◆ **Data for analysis**
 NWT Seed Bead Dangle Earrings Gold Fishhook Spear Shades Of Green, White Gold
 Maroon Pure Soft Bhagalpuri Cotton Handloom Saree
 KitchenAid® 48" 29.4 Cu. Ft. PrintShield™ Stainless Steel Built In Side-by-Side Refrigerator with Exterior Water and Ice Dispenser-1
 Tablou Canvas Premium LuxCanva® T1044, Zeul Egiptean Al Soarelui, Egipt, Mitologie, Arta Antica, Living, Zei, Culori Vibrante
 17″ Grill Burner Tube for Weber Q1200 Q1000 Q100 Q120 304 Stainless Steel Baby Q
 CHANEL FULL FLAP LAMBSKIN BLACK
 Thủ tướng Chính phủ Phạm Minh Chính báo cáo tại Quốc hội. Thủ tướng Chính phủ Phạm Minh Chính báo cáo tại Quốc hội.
* * *
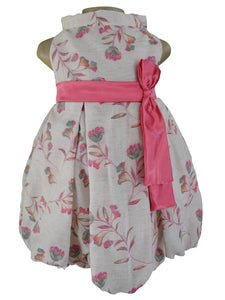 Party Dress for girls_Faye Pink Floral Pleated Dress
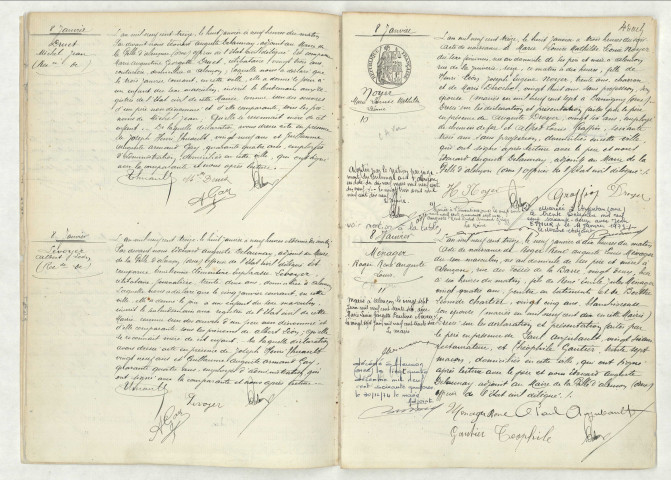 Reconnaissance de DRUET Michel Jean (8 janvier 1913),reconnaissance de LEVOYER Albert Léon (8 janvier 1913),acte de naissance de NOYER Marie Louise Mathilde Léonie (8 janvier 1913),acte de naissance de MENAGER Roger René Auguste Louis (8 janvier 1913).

◆ **Work to complete**
Filter the records for the string "Steel" and copy every line that holds it.

◆ **Answer box**
 KitchenAid® 48" 29.4 Cu. Ft. PrintShield™ Stainless Steel Built In Side-by-Side Refrigerator with Exterior Water and Ice Dispenser-1
 17″ Grill Burner Tube for Weber Q1200 Q1000 Q100 Q120 304 Stainless Steel Baby Q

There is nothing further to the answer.